Robert Tavernor is Emeritus Professor of Architecture and Urban Design, and the former Director of the Cities Programme. He studied architecture in London (BA and Dip. Arch with Distinction ), Rome ( Scholar in Architecture at the British School of Rome ), and at the University of Cambridge ( St John's College, PhD 1985). He has previously held chairs at Edinburgh and Bath: he was Forbes Professor of Architecture at the University of Edinburgh (1992-1995) and Professor of Architecture and Head of the Department of Architecture and Civil Engineering at the University of Bath (1995 - 2005). He has also held various visiting academic posts internationally, including: Visiting Professor at the University of California at Los Angeles (UCLA, 1998); European Union Visiting Scholar in Planning and Conservation at Texas A+M (2002), and Visiting Professor at the University of Sao Paulo, Brazil (2004).
Robert Tavernor is a member of RAE2008 sub-panel 30, Architecture and the Built Environment. He is a registered architect and a member of the Royal Institute of British Architects (since 1985). He has acted as chairman of international design juries. As a consultant architect and historian he provides architectural, heritage and urban planning advice to institutions, developers and architects in London.

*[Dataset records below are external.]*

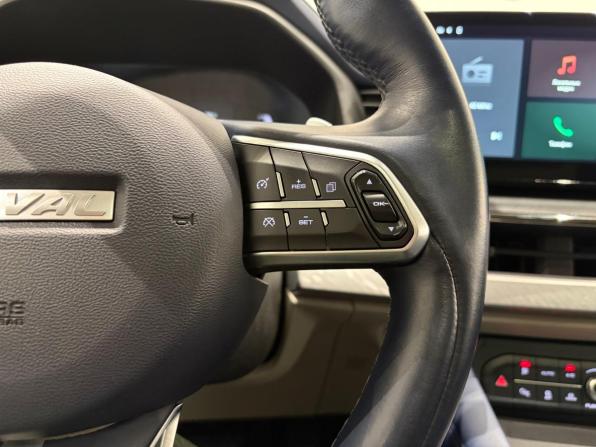 Haval F7x I Рестайлинг с пробегом 2022 года, цена 1 549 000 рублей, 141847 км, внедорожник, Автокод Объявления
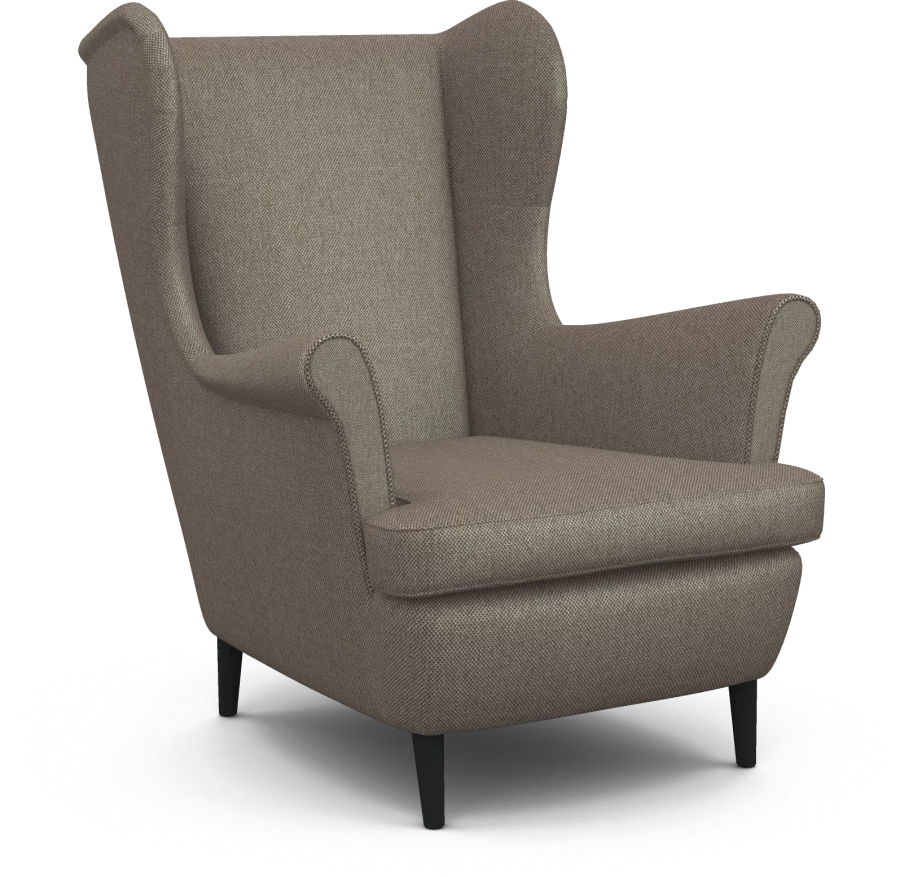 Чехол на кресло ИКЕА Страндмон - NEPTUN (изображение №1)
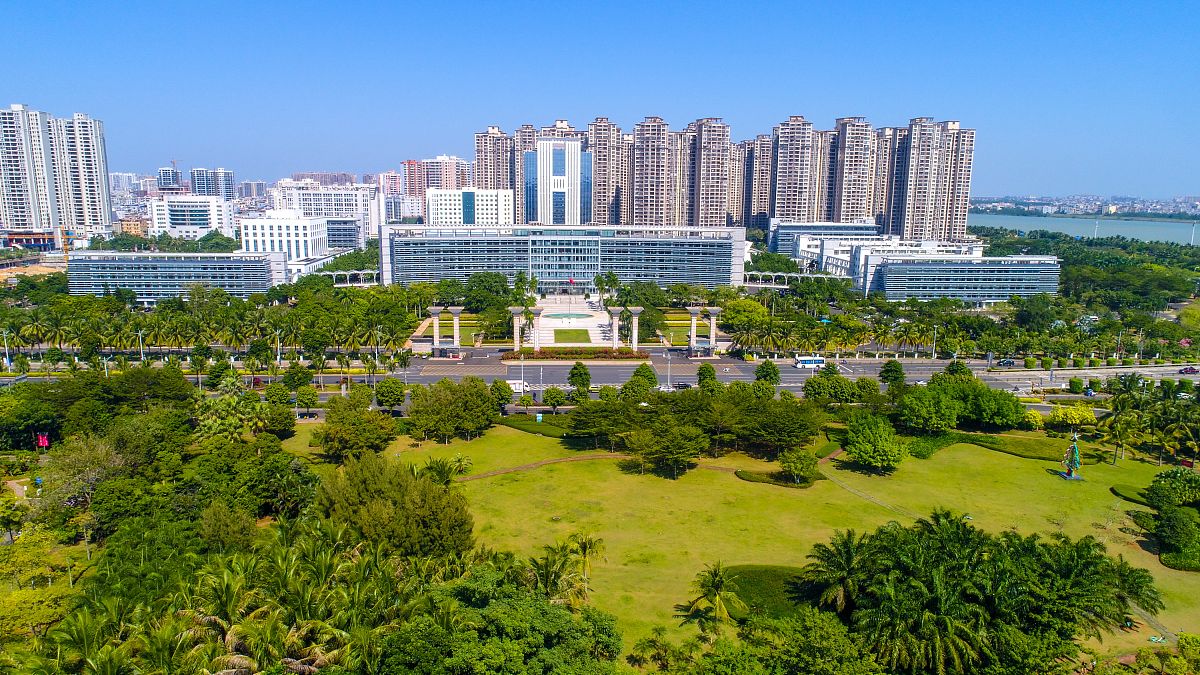 2018年10月29日,海南省委.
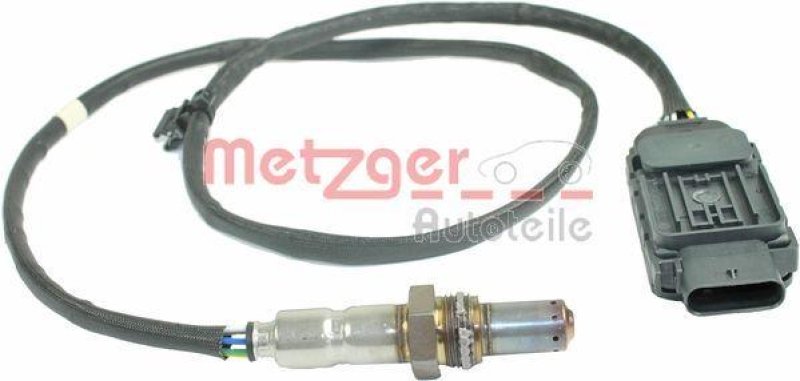 METZGER 0899174 Nox-Sensor, Nox-Katalysator für SEAT/SKODA/VW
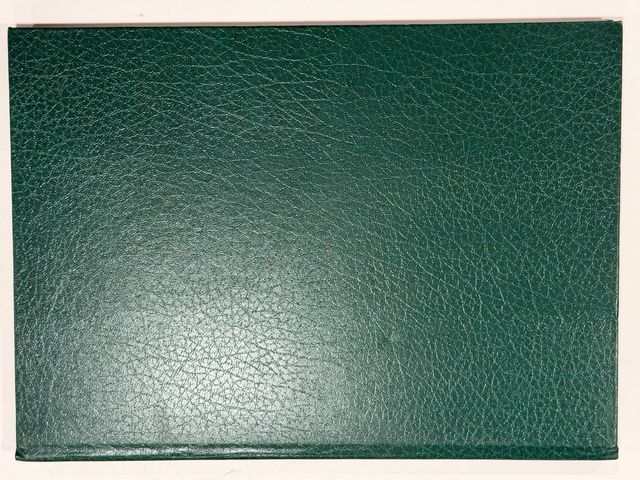 Álbum clasificador 12 páginas con sellos del mundo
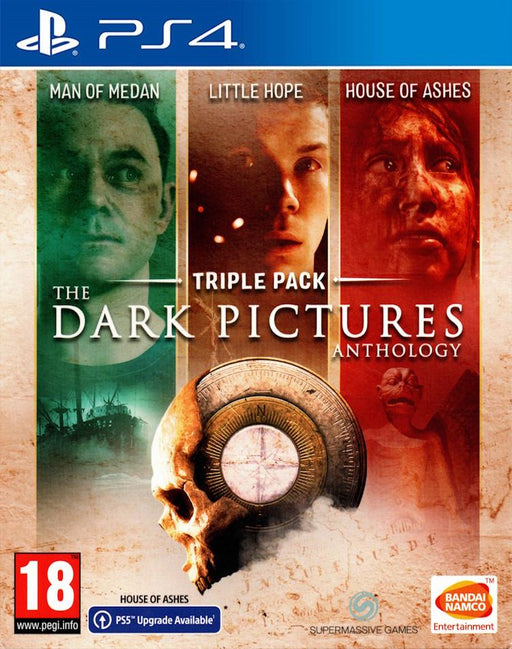 The Dark Pictures Anthology Triple Pack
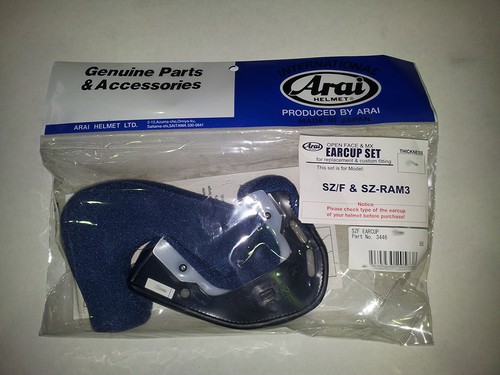 Guanciali pour casque - guanciali,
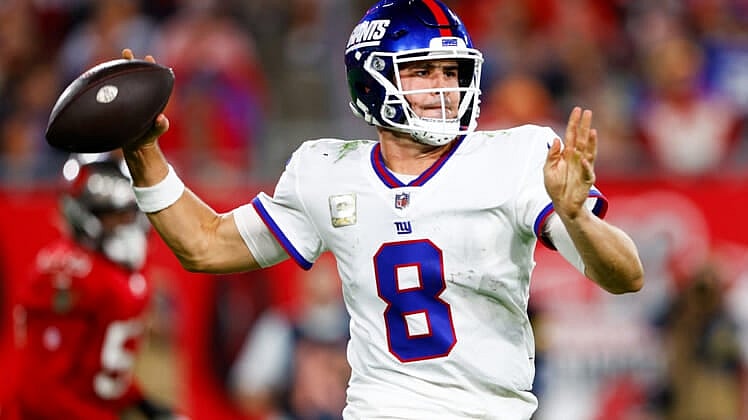 NFL: New York Giants at Tampa Bay Buccaneers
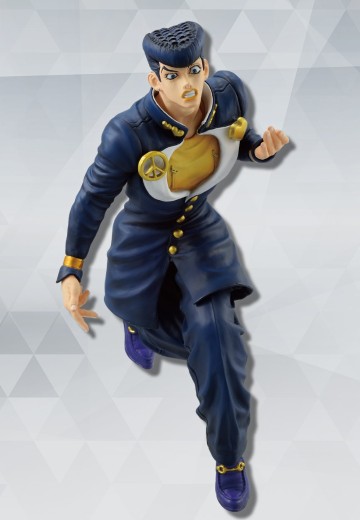 一番赏 JOJO的奇妙冒险 第四部 不灭钻石 A奖 东方仗助 MASTERLISE | Hpoi手办维基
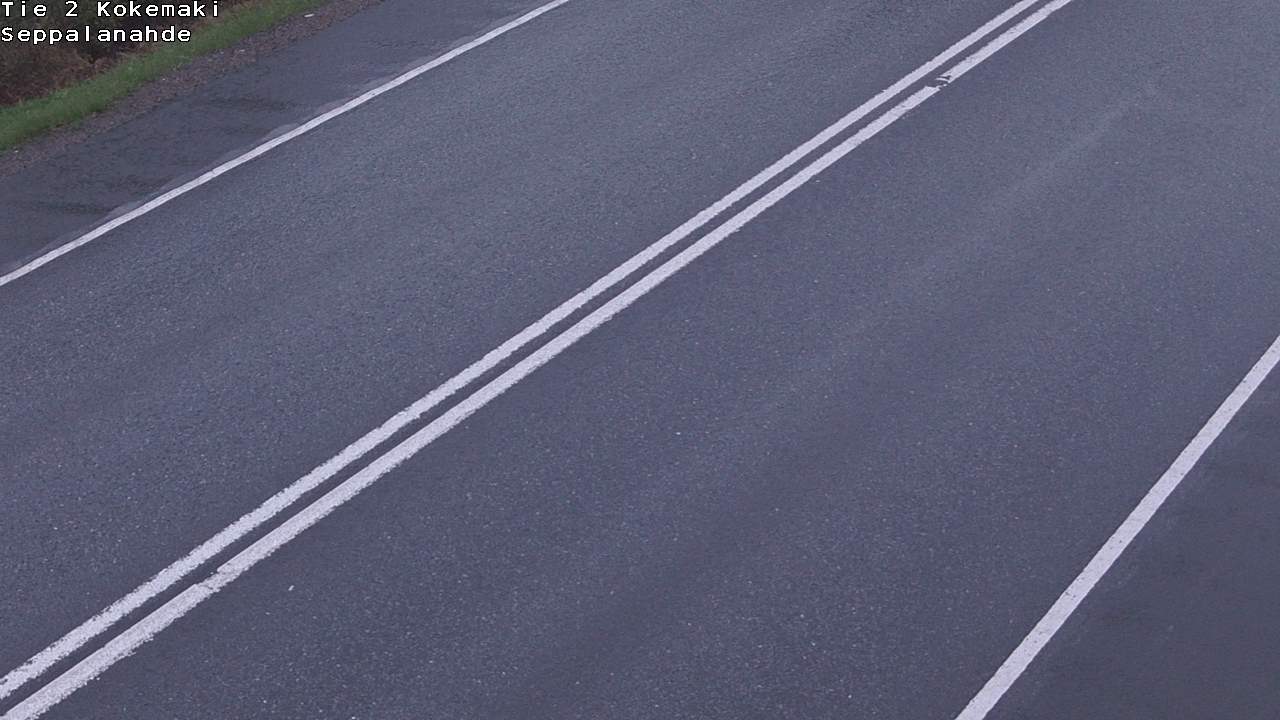 Kelikamerat Kuva Tie 2 Kokemäki, Seppälänahde, Kokemäki, Satakunta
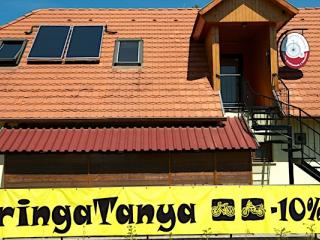 Bringatanya, 5 szoba 15 férőhely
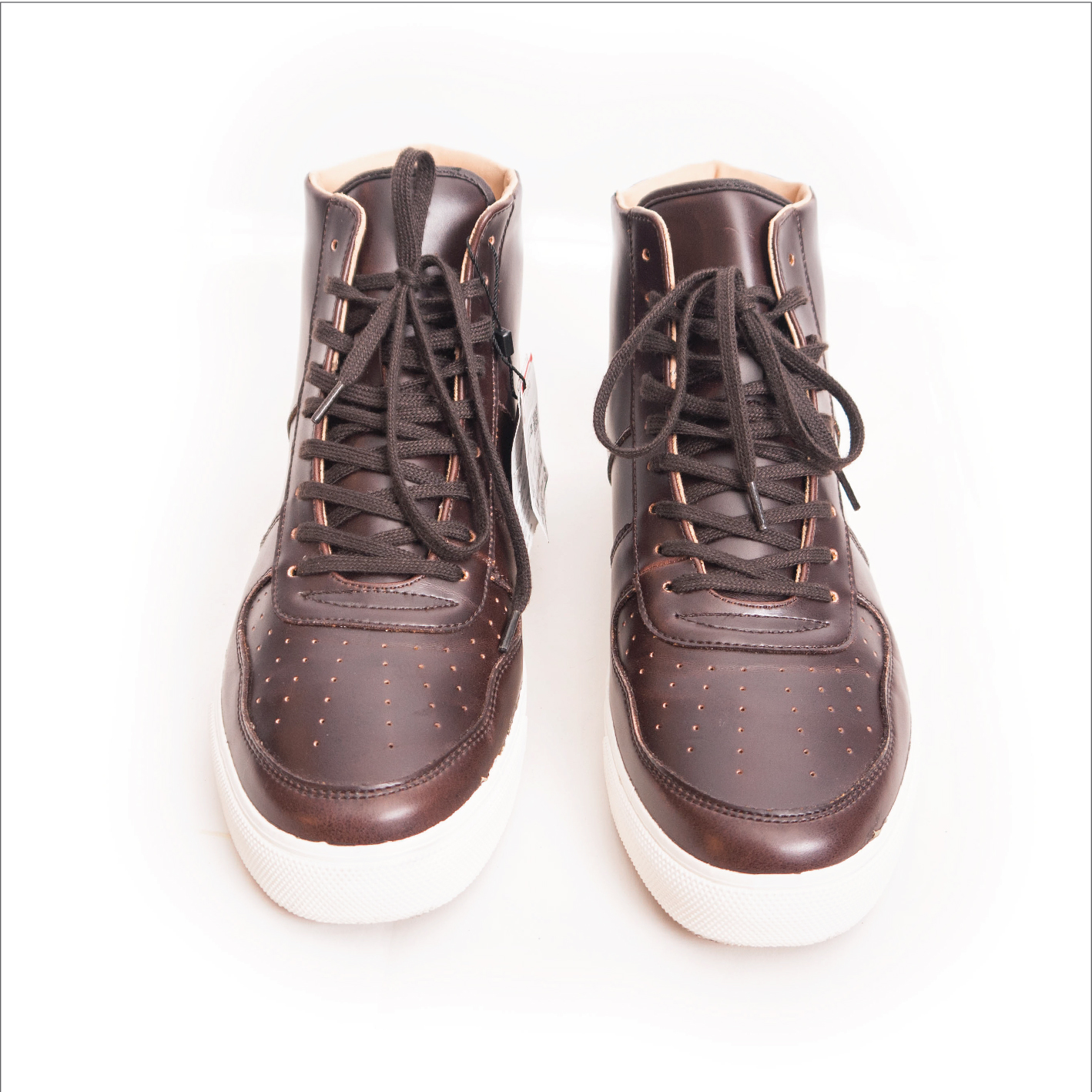 G 150021 รองเท้าหนัง (หุ้มข้อ) ZARA ราคาเช่า 150 บาท ต่อ 1 วัน (สินค้าหมด)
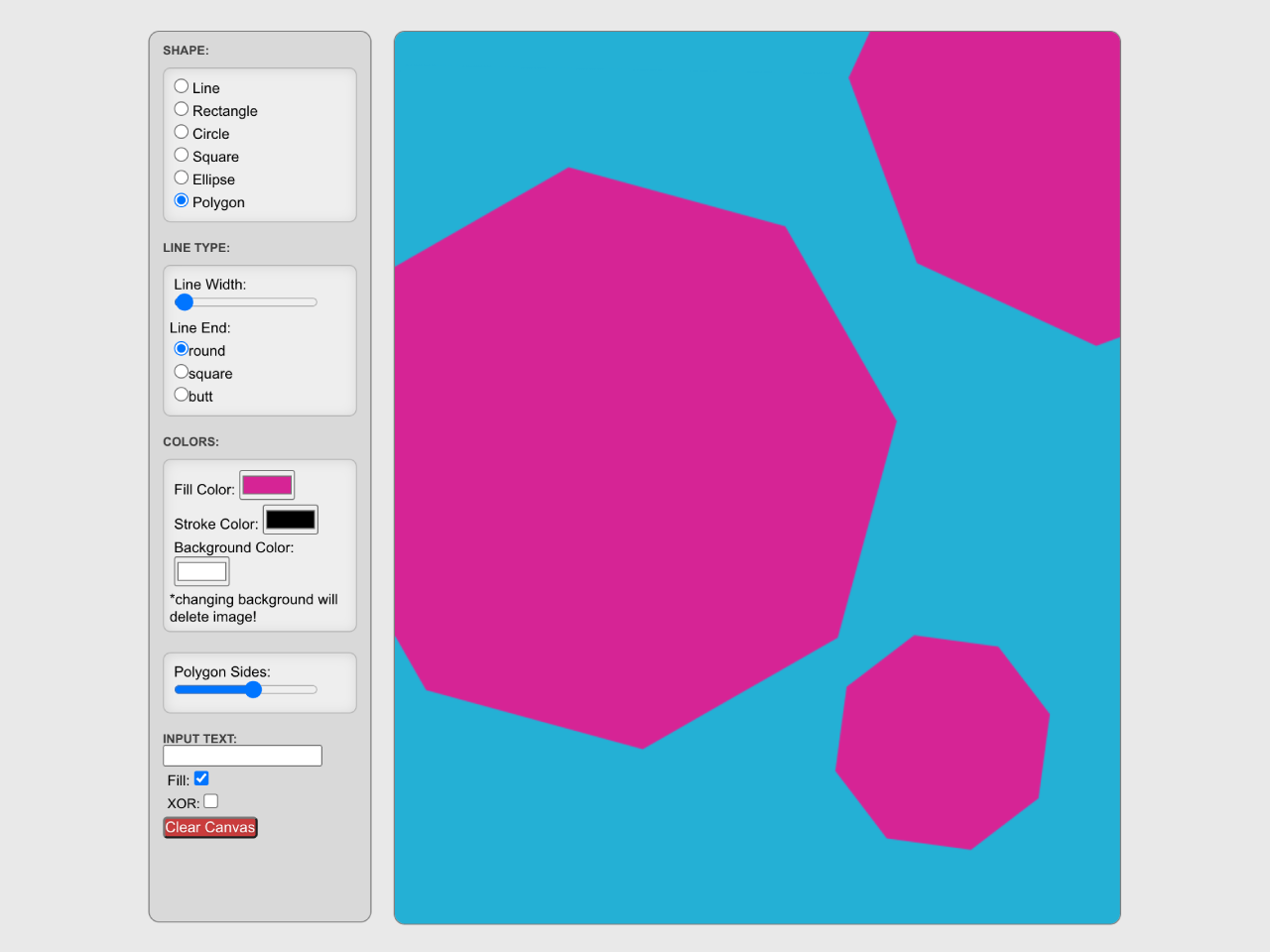 Simple Canvas Drawing with Vanilla JS — CodePel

His publications focus on the classical tradition of European architecture and cities, body and building, and on the urban development of London. They include Palladio and Palladianism (Thames and Hudson, 1991 - subsequently translated into Italian, Chinese, Korean), and On Alberti and the Art of Building (Yale UP, 1998). He co-edited and contributed an essay to Body and Building: Essays on the changing relation of Body to Architecture (The MIT Press, 2002), and is author of a parallel volume, Smoot's Ear: The Measure of Humanity (Yale UP, 2007). He is co-translator of two English translations of architectural treatises: Leon Battista Alberti's 16th century De re aedificatoria, as On the Art of Building in Ten Books, (The MIT Press, 1988); and Andrea Palladio's 17th century I quattro libri dell'architettura, as The Four Books on Architecture (The MIT Press, 1997). Currently, he is co-translating a new English edition of Vitruvius's Ten Books on Architecture for Penguin Classics. His essay, 'From Townscape to Skyscape', (The Architectural Review, March 2004) summarises his recent urban research on the visual impact of tall buildings in London.